Description of the task>
All that is wanted is the exact text of the lines below from the one with "Morel - Morel" through the one with "Logicool G ワイヤレス ゲーミングヘッドセット G522", inclusive, minus any pictures.

Supplied information>
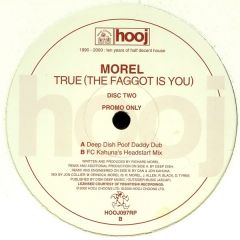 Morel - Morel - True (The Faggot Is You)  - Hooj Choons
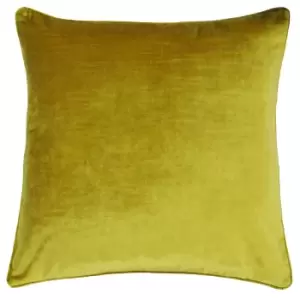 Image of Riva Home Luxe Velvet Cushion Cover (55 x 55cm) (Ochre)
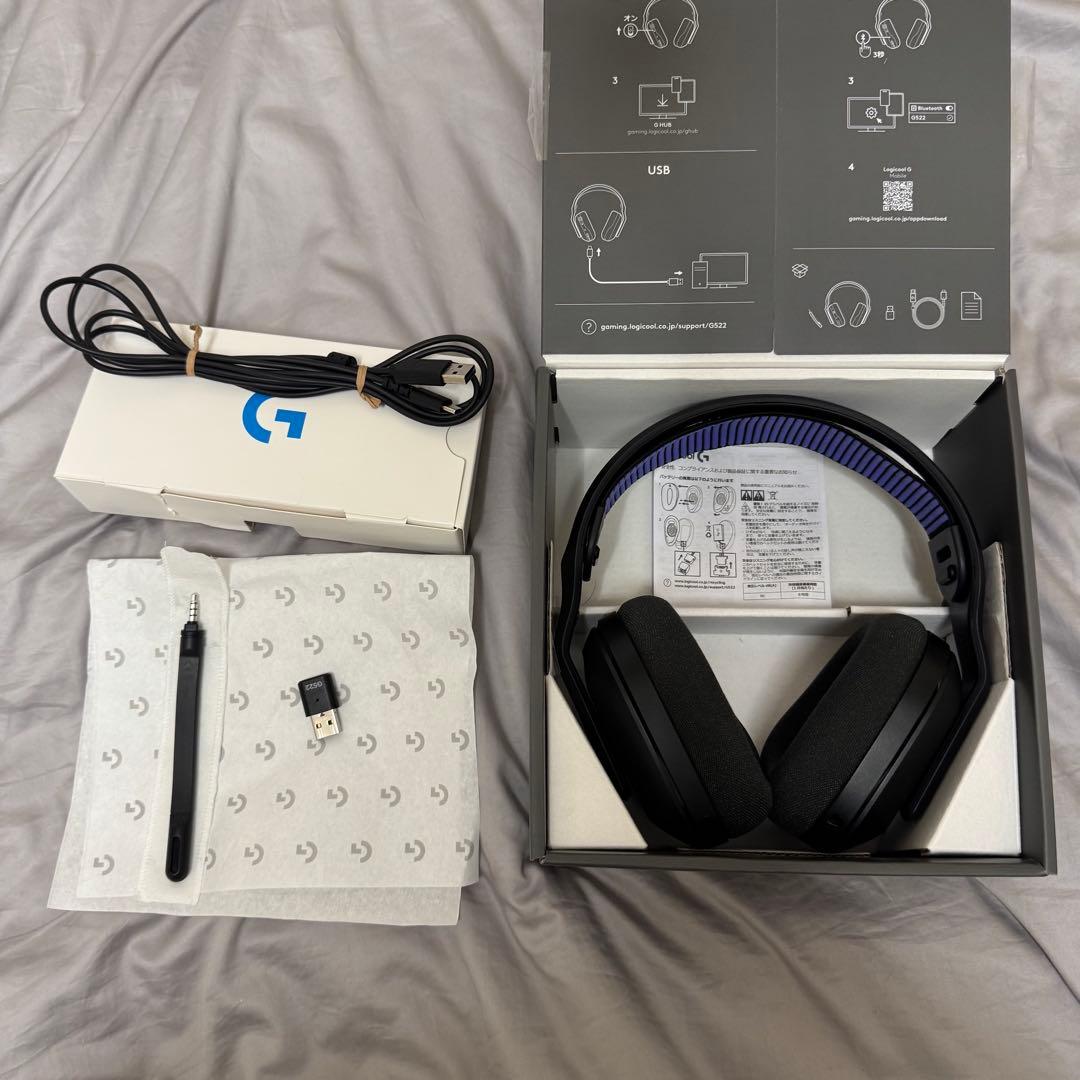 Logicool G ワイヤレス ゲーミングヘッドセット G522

==

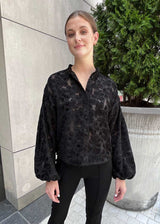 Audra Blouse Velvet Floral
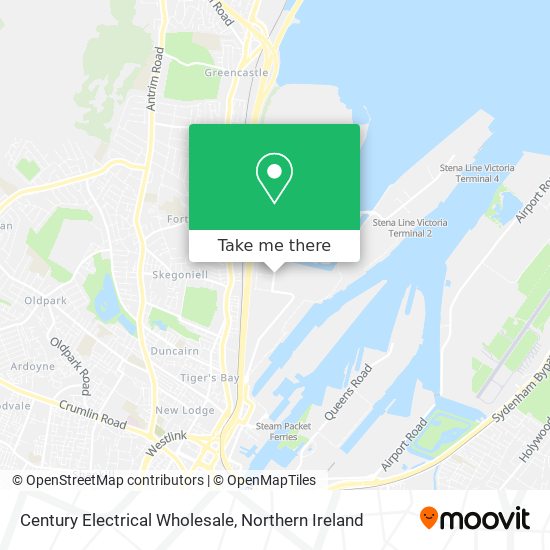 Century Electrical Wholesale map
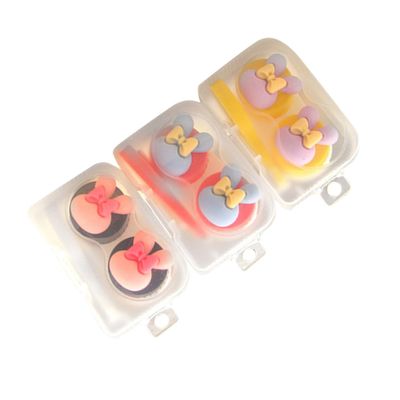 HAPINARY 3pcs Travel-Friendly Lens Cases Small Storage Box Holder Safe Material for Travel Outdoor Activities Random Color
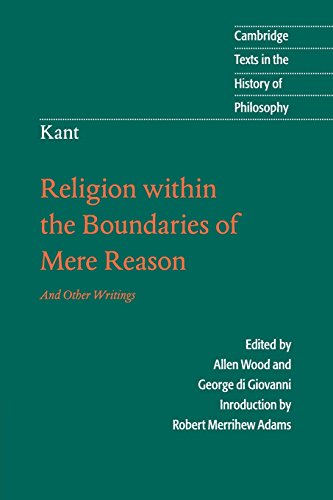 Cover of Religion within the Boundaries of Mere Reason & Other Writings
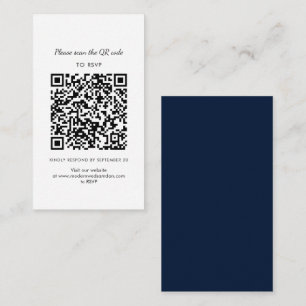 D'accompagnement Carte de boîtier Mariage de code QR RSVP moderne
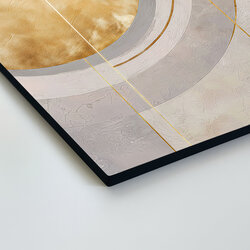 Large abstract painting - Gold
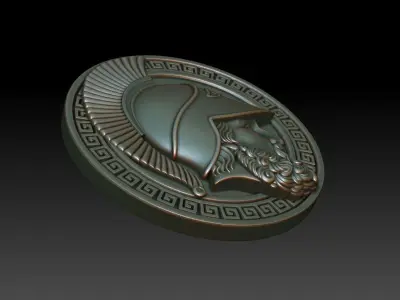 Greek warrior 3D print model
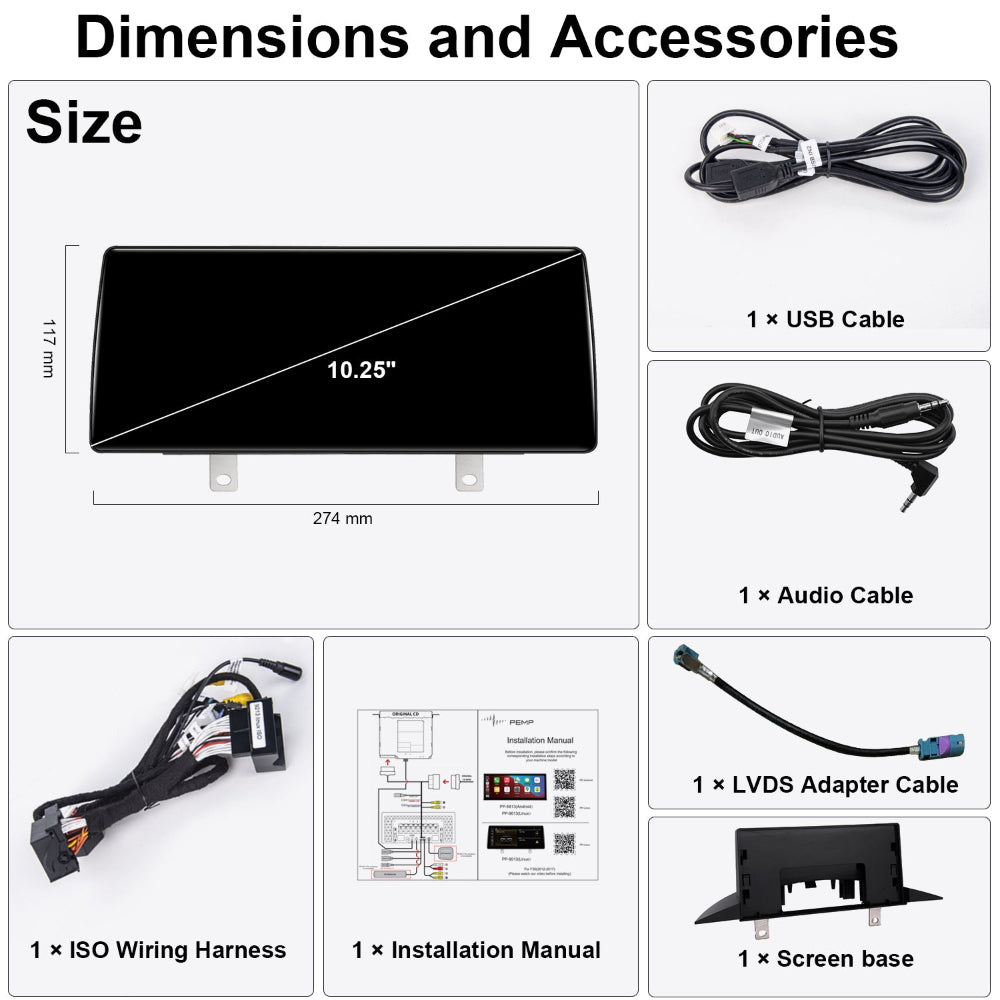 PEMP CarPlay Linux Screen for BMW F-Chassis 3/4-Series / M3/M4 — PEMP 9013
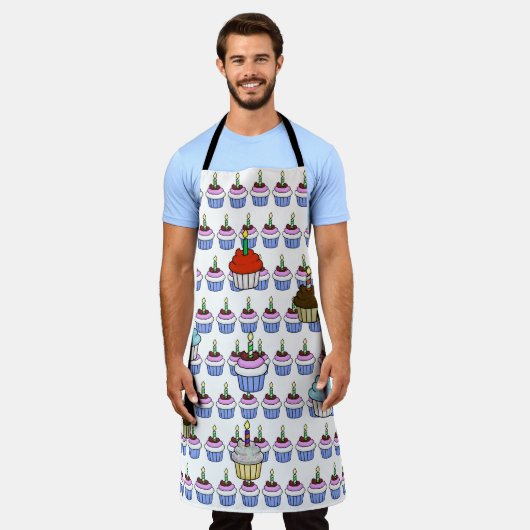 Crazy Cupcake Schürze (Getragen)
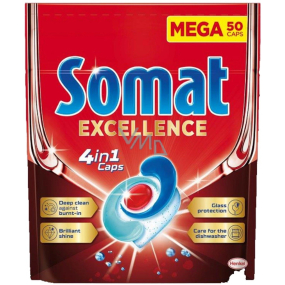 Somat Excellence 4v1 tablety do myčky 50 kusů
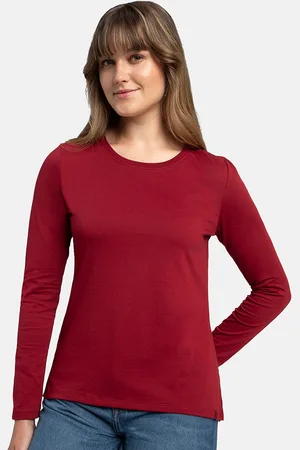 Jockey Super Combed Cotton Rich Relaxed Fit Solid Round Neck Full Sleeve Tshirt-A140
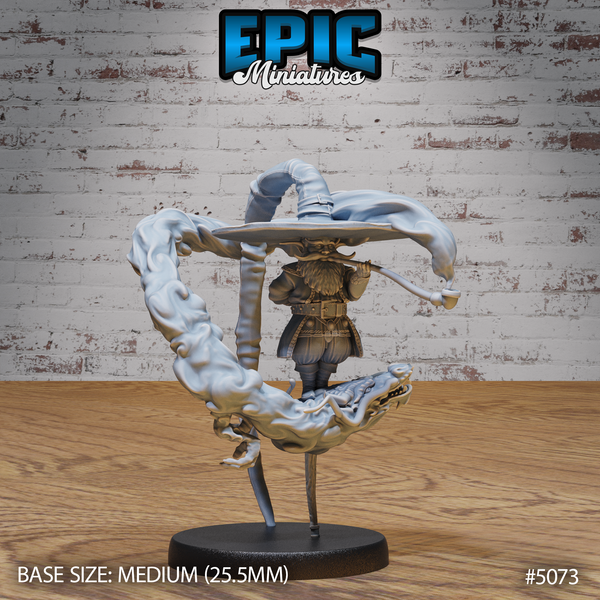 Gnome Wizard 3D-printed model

Task output>
 Morel - Morel - True (The Faggot Is You)  - Hooj Choons
 Image of Riva Home Luxe Velvet Cushion Cover (55 x 55cm) (Ochre)
 Logicool G ワイヤレス ゲーミングヘッドセット G522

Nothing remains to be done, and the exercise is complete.